I have seen that in many papers/competitions for causal inference, the assumption of strong ignorability is made -
$P(Y^{x}\perp X\mid V)$, where $X$ is the treatment, $Y$ the outcome and $V$ indicates the set of all covariates (all other variables).
Example -
- Estimating individual treatment effect: generalization bounds and algorithms
- ACIC Competition (Dataset generation section)
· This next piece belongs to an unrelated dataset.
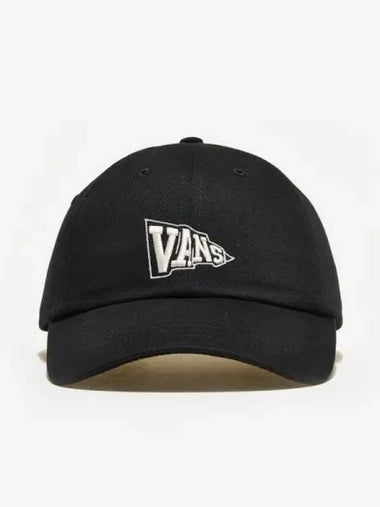 Prep Cap BLACK - VANS - BALAAN 1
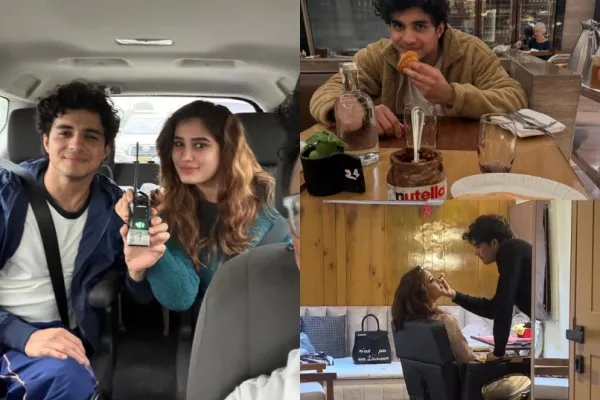 Rasha Thadani Abhay Verma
- RealCause: Realistic Causal Inference Benchmarking
This assumption is called the assumption of "no unobserved confounders". But, does it not also make an assumption of the following type of structure (consider $V$ to be just one variable for below figure) -
What if the causal structure is as below (consider $V = \{L,Z\}$)? -
In this case, given $\{L,Z\}$ - $X$ and $Y$ are not independent. Note, it would be wrong to say such structures do not appear. In data science we can easily face complex causal structures, where conditioning on all variables would open up one or more biasing path(s).
Given this context, the following are my queries -
- In the presence of such complex structures, does the condition $P(Y^x \perp X\mid V)$ not fail?
- If the strong ignorability condition really fails in the face of such collider containing structures, why is it so rampant in competitions/research-papers? Particularly, I have seen this in social-science, healthcare etc. Is it because such structures are not expected to arise in those fields, because only known confounders are included in the dataset?
- The papers/competitions given above propose ideas for good estimators, or benchmarks for testing those. For someone who expects to face such complex structures, should they ignore the results of these resources that make such assumptions? Or should they just replace "all covariates" with "all confounders"? After all, if the causal structure is clearly known, one can always find the respective confounders for the effect of $X$ on $Y$. And then use the best estimators the papers propose/benchmark.